I've always done it the third way, wondering how the rest of you screw off a sheet?


----------



## 19Riggs88 (Apr 25, 2009)

brdn_drywall said:


> generally in my parts drywall is screwed in 3 ways
> 1st top and bottom bevels and three in the field approximately 12" apart.
> 2nd top and bottom bevels and two doubled up screws in field approximately 16" apart.
> 3rd bottom bevel and three screws in the field approximately 14" apart with top screw 6" down floating the top of the sheet (exception being above windows and doors where top bevel is screwed).
> I've always done it the third way, wondering how the rest of you screw off a sheet?


I've heard of not screwing lids within 6" from the wall tops which allows the lid sheets to pull down with the walls to prevent cracking.
I haven't heard of not screwing the walls within 6" of the lids. 
Wouldn't this sag the wall sheet out setting it up to crack?

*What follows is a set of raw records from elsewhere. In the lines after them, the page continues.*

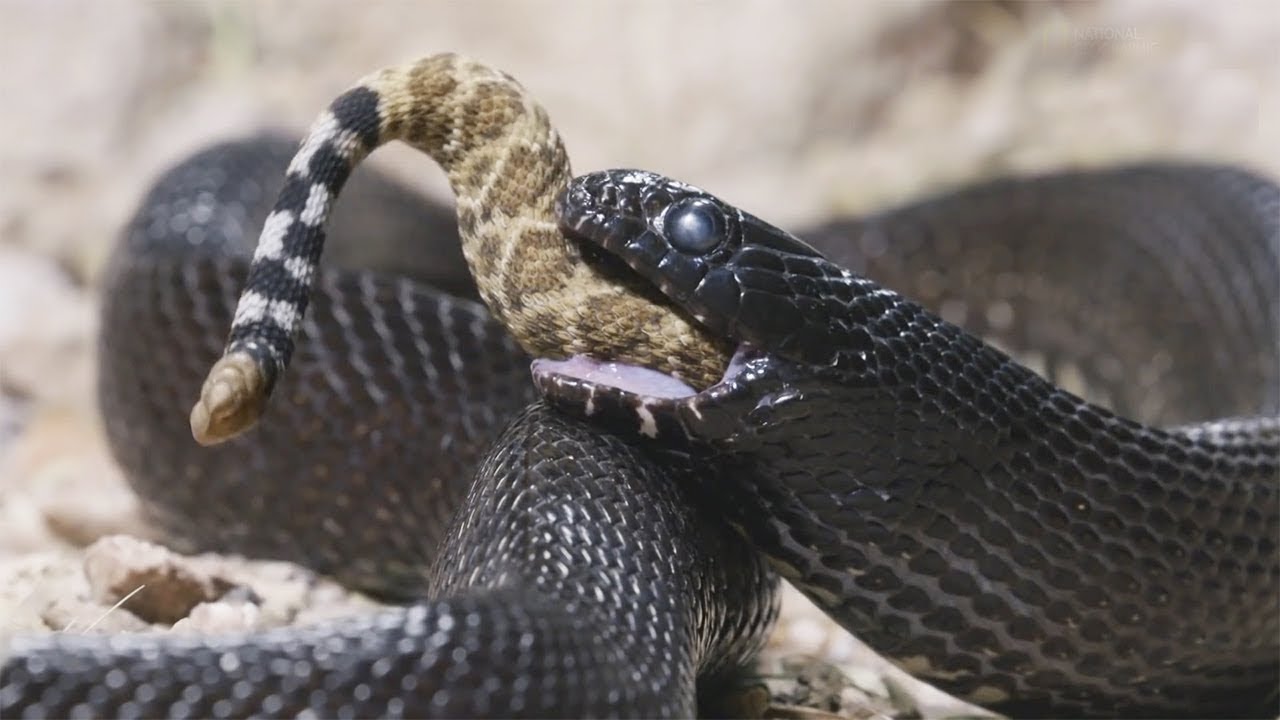 ¡La Serpiente Real: La Pesadilla de las Serpientes de Cascabel!
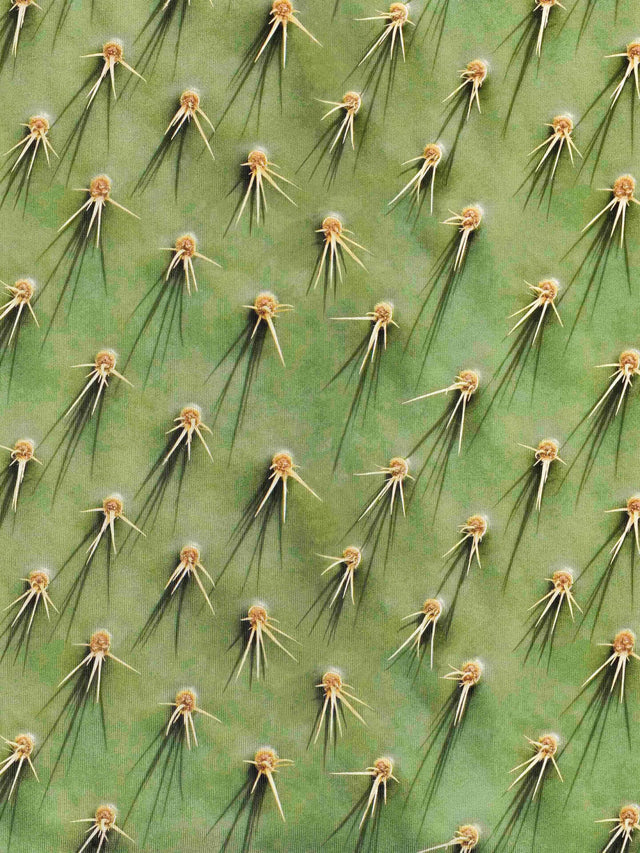 Cozy Cactus Jurkje korte mouwen Dames - SNURK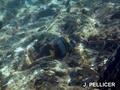 scuba diving photo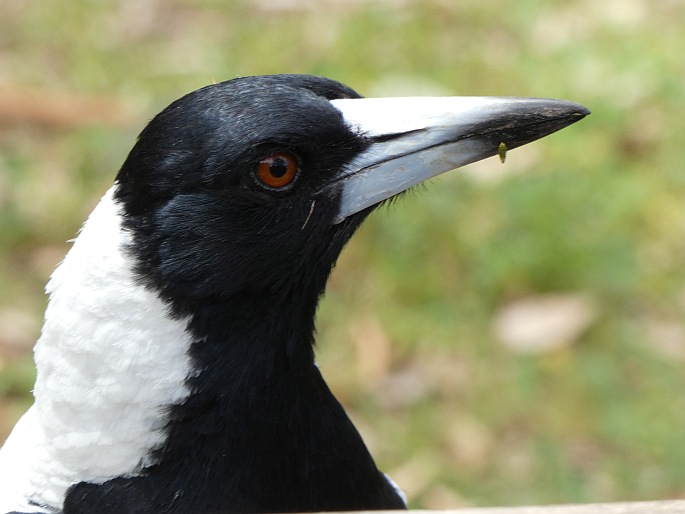 Gymnorhina tibicen, flétňák australský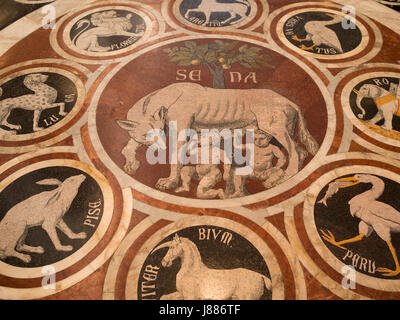 Lupa senese, pavimento a mosaico, Duomo di Siena Foto Stock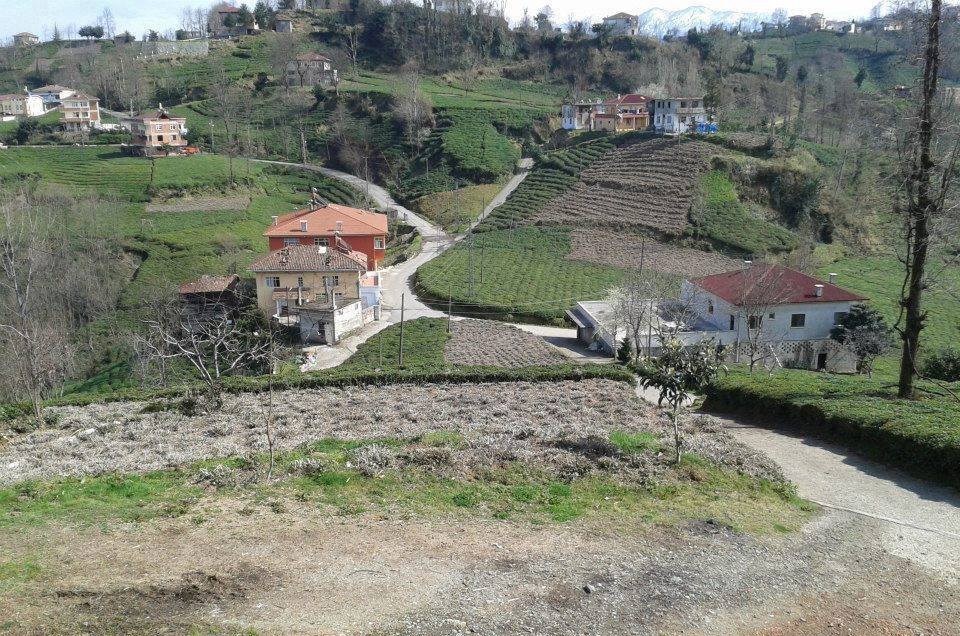 Of Sıraağaç Köyü Resimleri 29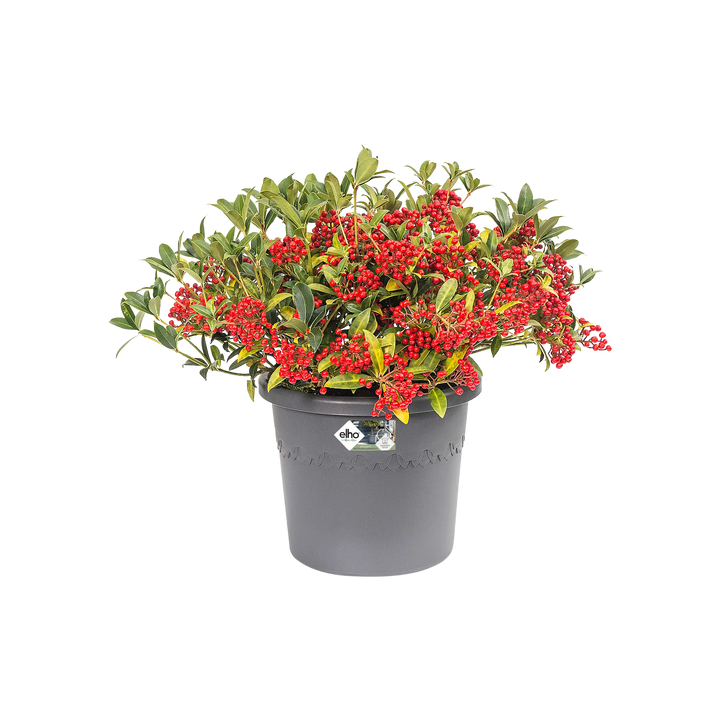 Algarve Cilindro Anthracite Ø21cm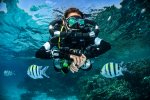 Horizon SCR Course Extended Range - Level 2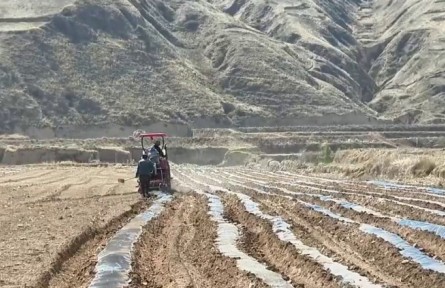 甘肅：科技助力生產 夯實豐收基礎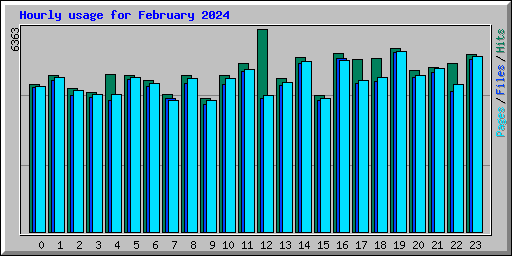 Hourly usage for February 2024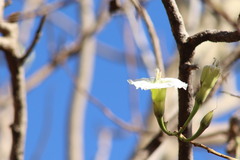 Ipomoea intrapilosa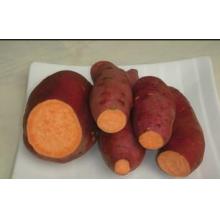 红心红苕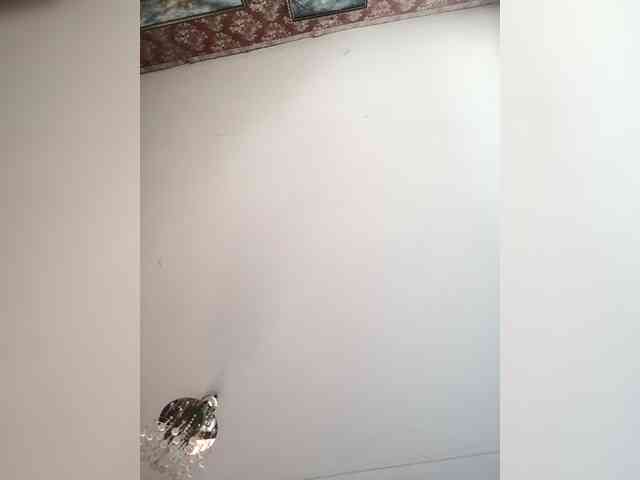 Elen-light webcam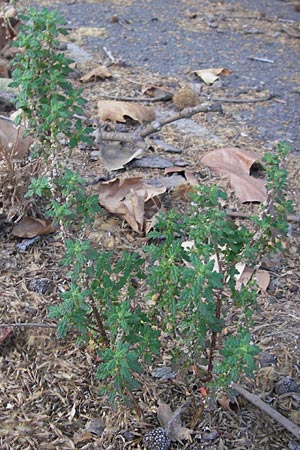 Dysphania pumilio \ Australischer Drsengnsefu / Clammy Goosefoot, D Mannheim 6.9.2012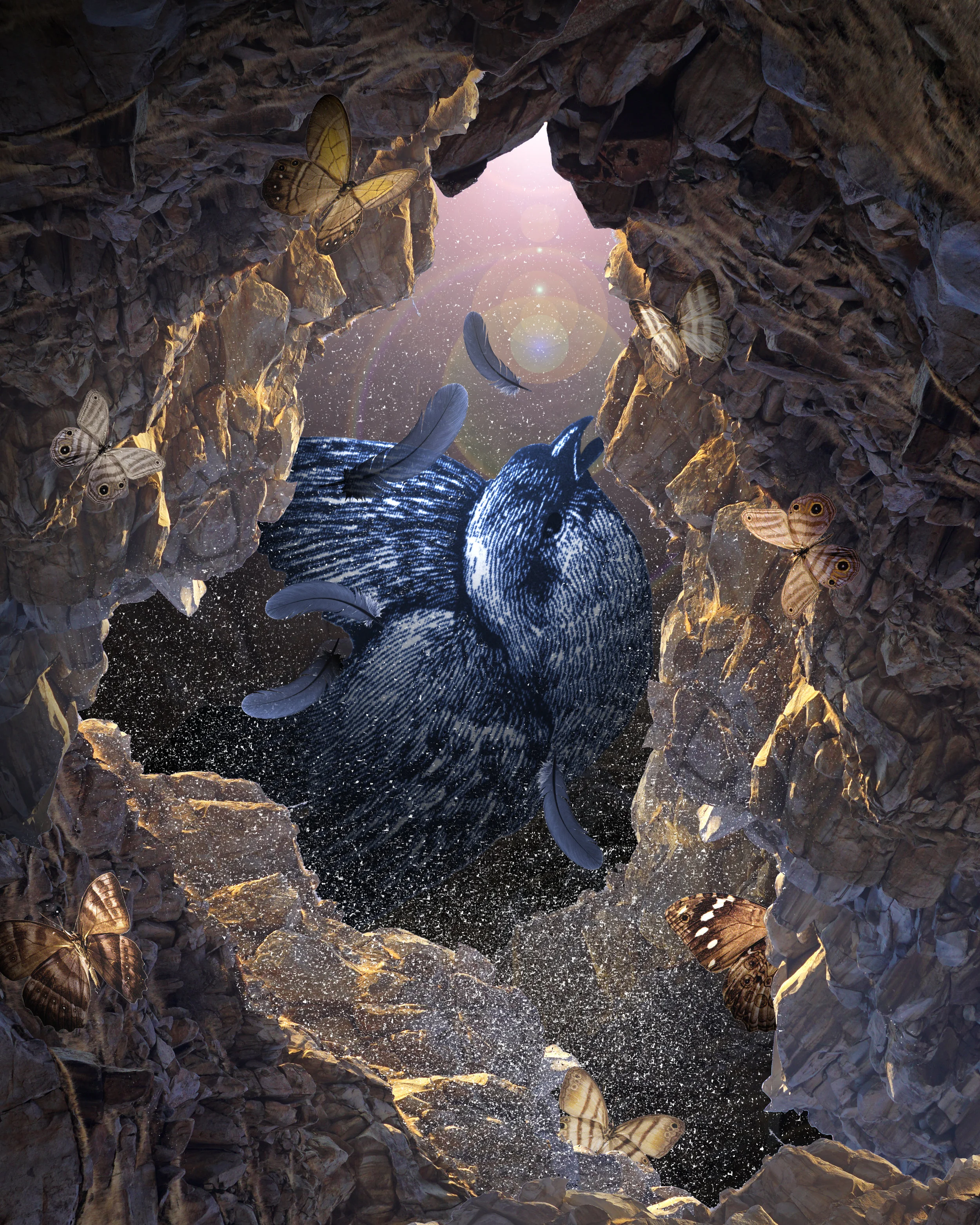 BIRD CRUSHED_darker.jpg
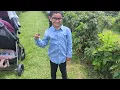BlackBerry picking Dothan AL Aplin farms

Or is this a better way?


----------



## brdn_drywall (Apr 25, 2008)

actually theoredically the idea when doing this with lids is more like 12-16" but i never liked that idea alone instead builder nails in backing in-between trusses to the top plate then screw the backing on the edges of the sheets and keep your truss screws 12"s back. this stablizes the sheet a lot better with movement and no cracking,and no the top 6" of the wall floating helps with the ceiling system.


----------



## brdn_drywall (Apr 25, 2008)

this system i described above is the same as using those dreaded drywall clips and fastening the edge of the lids to the interior walls.


----------



## 19Riggs88 (Apr 25, 2009)

brdn_drywall said:


> this system i described above is the same as using those dreaded drywall clips and fastening the edge of the lids to the interior walls.


I gave screws a thought one time and wonder if it would be better to just put some glue on the studs and only nail or screw the perimeters? I'm sure this would not fly with some codes though.


----------



## brdn_drywall (Apr 25, 2008)

the glue helps for screw-pops, but if you screw or nail perimeters this would have no help to corners cracking ceiling to wall.


----------